Sustained attacks against a single target progressively increases frost accumulation. Once critical mass is reached, the target is frozen solid.
Power scales with continuous movement. Loss of motion reduces effectiveness.
Note:
Target switching disrupts accumulation.
I paused.
"…S-class?"
That didn't make sense.
This dungeon wasn't ranked high enough to produce something like this.
Then again—
I wasn't supposed to clear it like that either.
The item pulsed once more before compressing further, its form shrinking until it wrapped around my finger, settling into place as a simple ring.
No glow. No flare. Just… presence.
Convenient.
I flexed my hand once, feeling it there, not as weight, but as certainty.
"…Yeah. I'm not letting the guild know about this."
I returned to the bear and stripped what mattered. This beast was going to fetch a good price. Anything that hard to kill usually did.
Now it was time for the most important step.
Collecting the boss core, or in this case, cores. This was a unique dungeon, seeing as most dungeons usually only have a single boss. This one had three. Each core resembled a sphere of ice, a blizzard raging within. They had a hefty weight to them signifying how powerful each one was. The final core was the heaviest, which tracked. It had taken the most effort to kill.
***
By the time I stepped out of the gate, the shift in atmosphere felt immediate. The damp, heavy air of the dungeon vanished, replaced by something lighter, cleaner.
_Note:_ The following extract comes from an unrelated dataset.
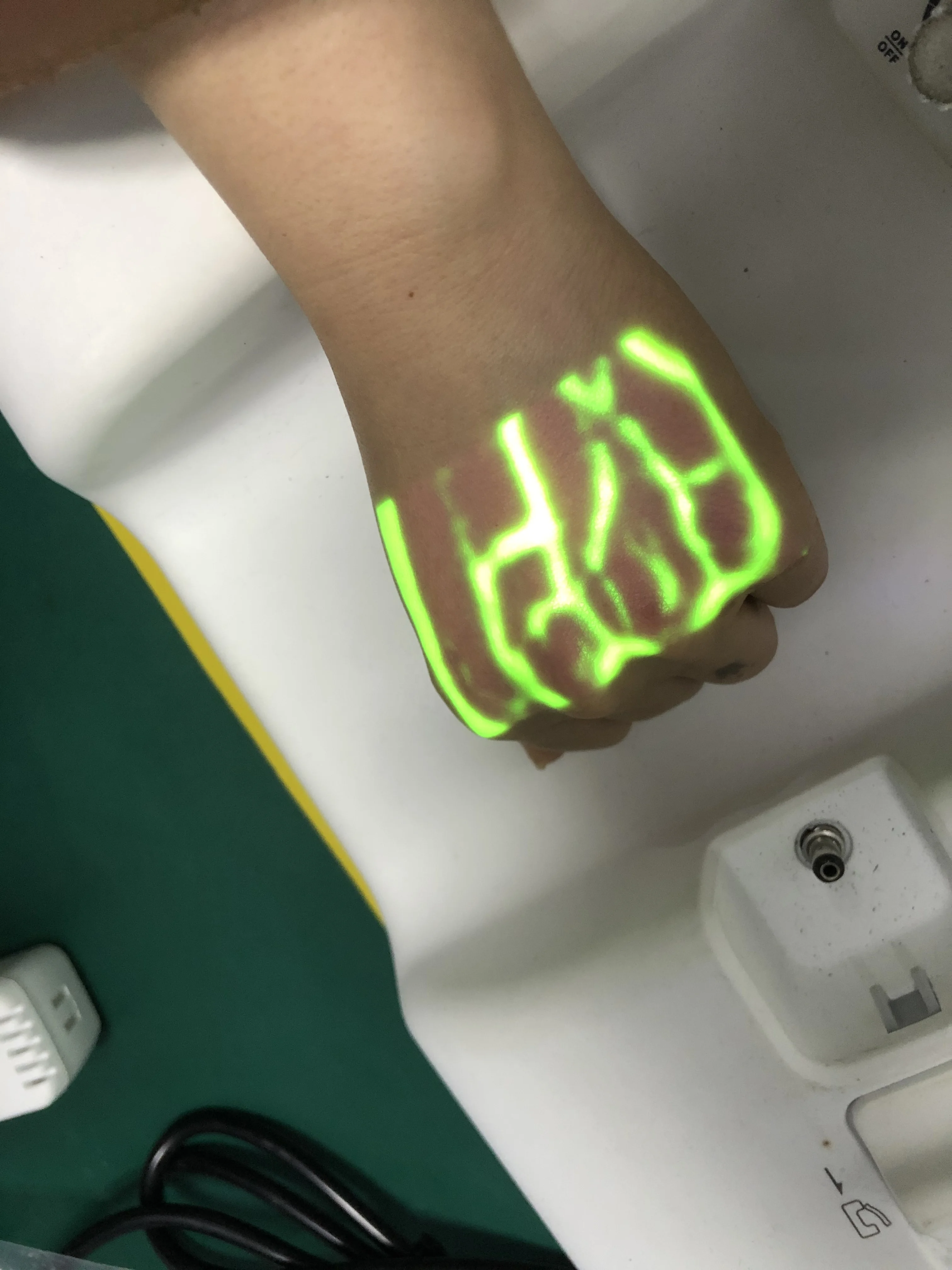 
cheap price US patent Biochemical projecting hospital Veinview 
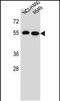 Leucine Rich Repeat Containing 6 antibody, PA5-48269, Invitrogen Antibodies, Western Blot image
The guards glanced at me. Both had the look of men who had expected the gate to vanish. They definitely had not expected to see me walk out with blood dripping from my face.
They both paused.
Then looked away.
Good.
***
Inside the guild, nothing had changed. Still efficient. Still controlled.
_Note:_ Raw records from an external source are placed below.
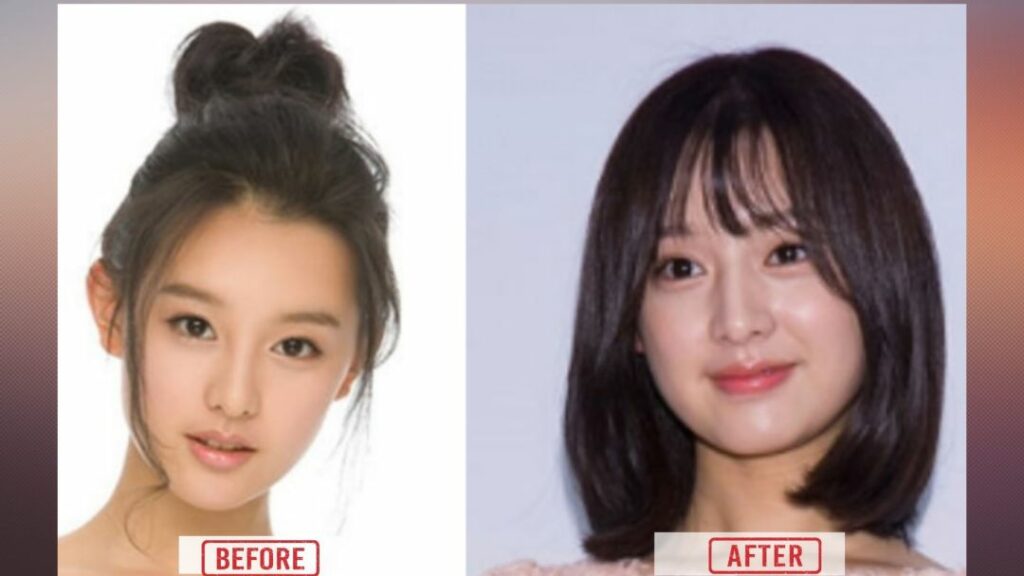 Did Kim Ji Won Undergone Plastic Surgery | Full Transformation Journey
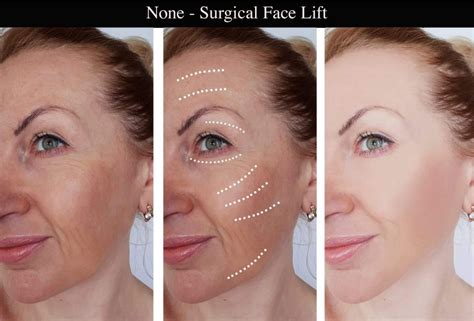 surgical face lift headington nhs dental practice oxford cowley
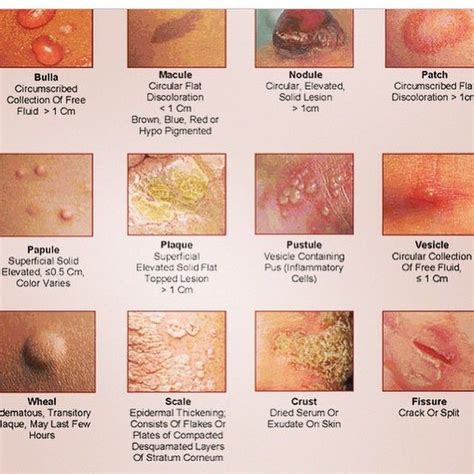 skin lesions descriptions - pictures, photos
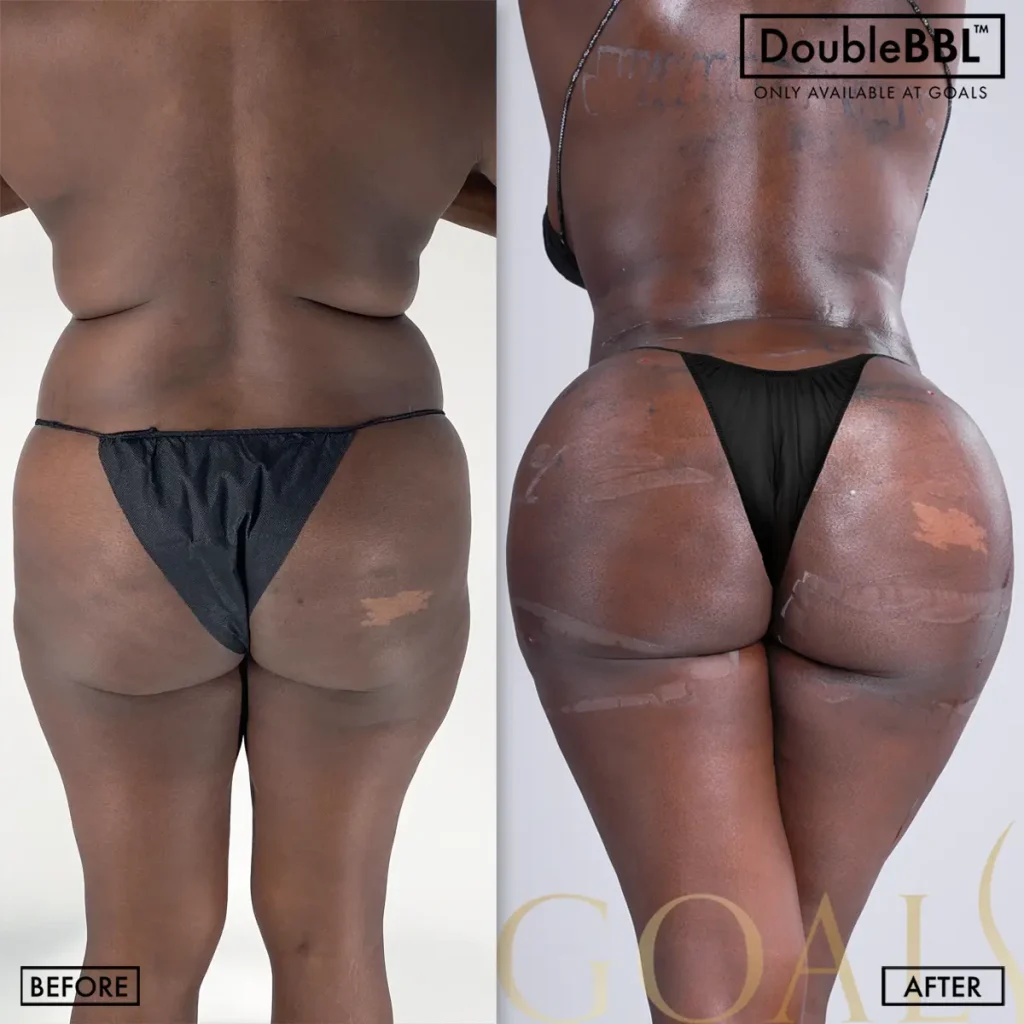 Before and after — Philadelphia, patient 5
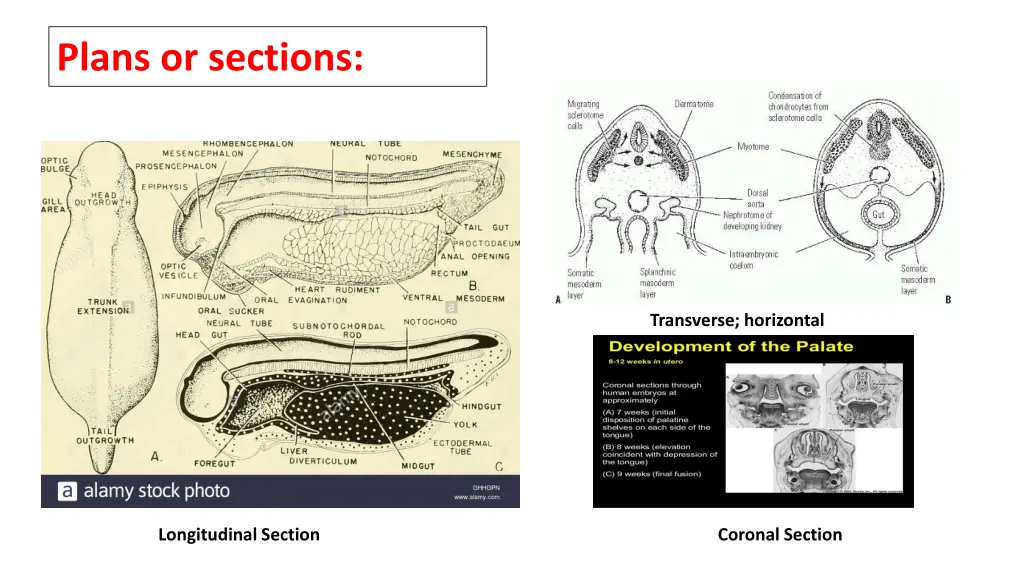 plans or sections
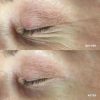 PolyPeptide Collagel + Mask for eyes - Патчі для зони навколо очей-5 PolyPeptide Collagel + Mask for eyes - Патчі для зони навколо очей-5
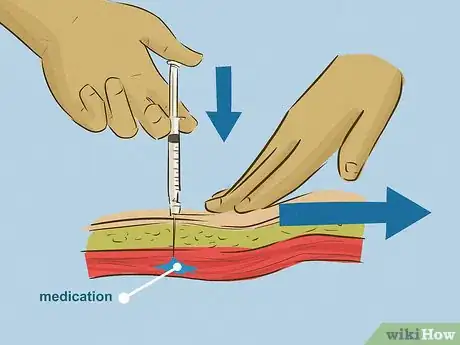 Imagen titulada Give an Intramuscular Injection Step 17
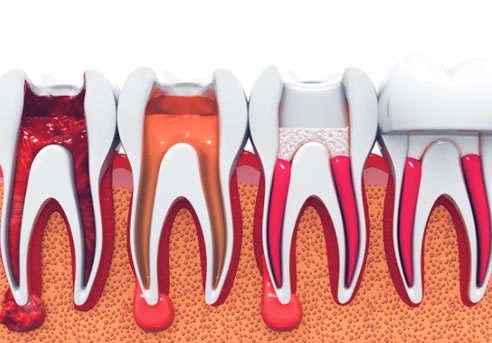 principios tratamiento endodontico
I stepped up to the counter and placed one of the boss cores down along with my guild credentials.
The clerk looked up from his tablet and picked up my credentials to pull my account up in the system.
"Verification of gate clearance approved," the clerk said after a moment. "I will update our system to reflect the closure."
I smiled faintly.
"Actually… the gate is still open. I took ownership of it."
The clerk stopped typing and looked up from the screen.
"You left a low rank dungeon open? Most higher rank adventurers clear and close lower tier dungeons to allow the higher tier ones to spawn," he said with a look of confusion. "I will add it to your account, if that's something you want. We will lease it at market rate for that rank and you will receive a daily payout. All I need to complete the registration is a complete description of the dungeon and the reward as guild policy."
"Oh… I did not realize I was supposed to close it. This is only my second gate."
The clerk reached down to grab a spare tablet and slid it over to me to begin filling out the registration for this dungeon. He looked up after hearing that this was only my second one and asked, "where is the rest of your group?"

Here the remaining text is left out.